Electronic transport descriptors for the rapid screening of thermoelectric materials
Tianqi Deng, Jose Recatala-Gomez, Masato Ohnishi, D. V. Maheshwar, Repaka, Pawan Kumar, Ady Suwardi, Anas Abutaha, Iris Nandhakumar, Kanishka, Biswas, Michael B. Sullivan, Gang Wu, Junichiro Shiomi, Shuo-Wang Yang, Kedar, Hippalgaonkar

TL;DR
This study uses data-driven screening and first-principles calculations to identify promising thermoelectric materials, revealing the importance of ionised impurity scattering and dielectric properties in optimizing thermoelectric performance.
Contribution
It introduces ground-state transport descriptors and highlights dielectric constant as a key factor for thermoelectric efficiency, advancing material screening methods.
Findings
Carrier scattering dominated by ionised impurities and polar optical phonons.
Predicted high-performance thermoelectrics with zT above 1 at 500 K.

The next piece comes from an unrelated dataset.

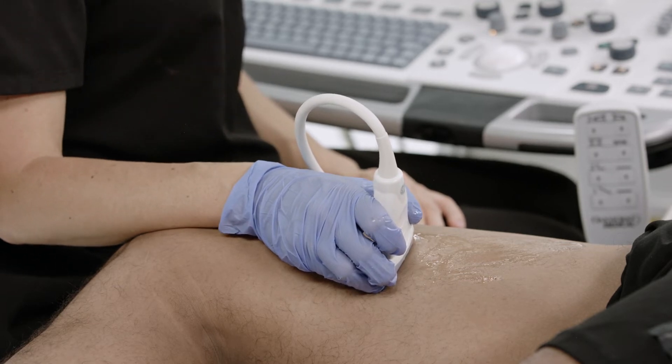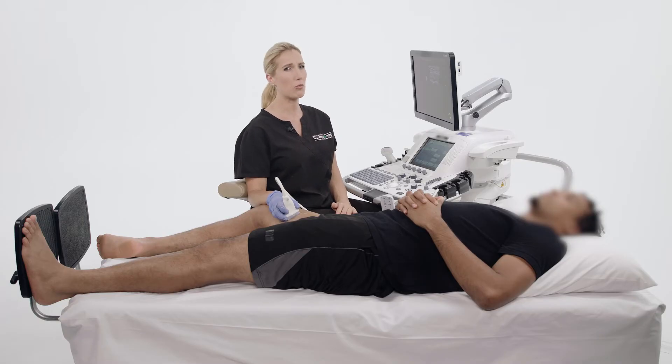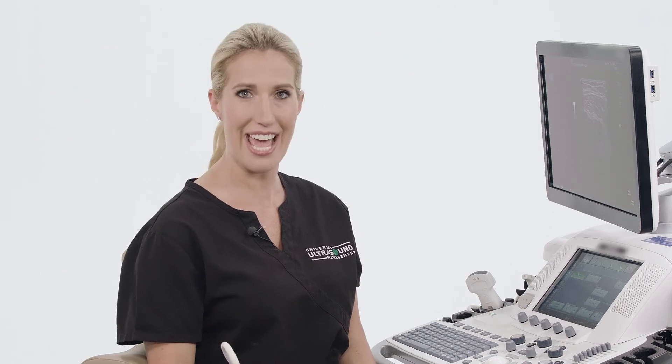If you are experiencing discomfort or pain while scanning, you are probably doing something wrong. Stop, reposition yourself, and ensure to carefully consider ergonomics prior to continuing the scan.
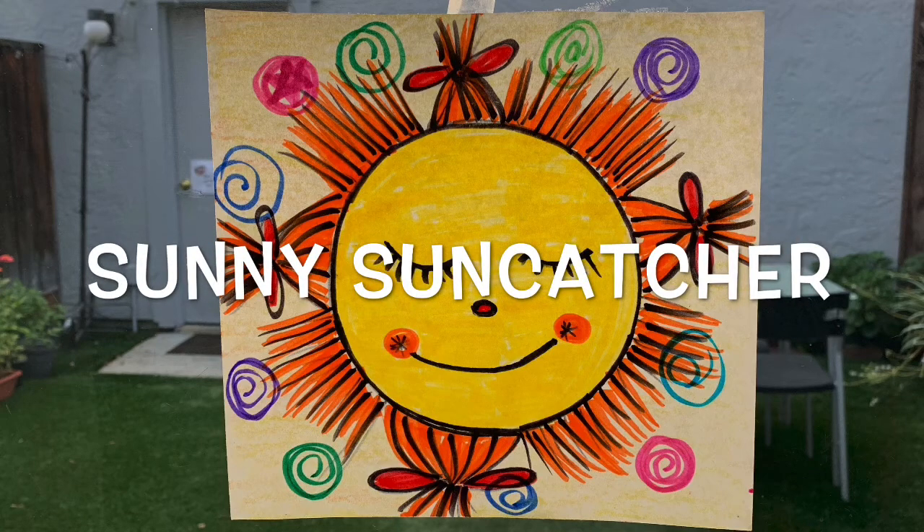Hi friends! Today we're going to make a sun catcher — like a stained glass art. It's going to be really fun!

High dielectric constant correlates with improved carrier mobility.
Abstract
The discovery of novel materials for thermoelectric energy conversion has potential to be accelerated by data-driven screening combined with high-throughput calculations. One way to increase the efficacy of successfully choosing a candidate material is through its evaluation using transport descriptors. Using a data-driven screening, we selected 12 potential candidates in the trigonal ABX2 family, followed by charge transport property simulations from first principles. The results suggest that carrier scattering processes in these materials are dominated by ionised impurities and polar optical phonons, contrary to the oft-assumed acoustic-phonon-dominated scattering. Combined with calculations of thermal conductivity based on three-phonon scattering, we predict p-type AgBiS2 and TlBiTe2 as potential high-performance thermoelectrics in the intermediate temperature range for low grade…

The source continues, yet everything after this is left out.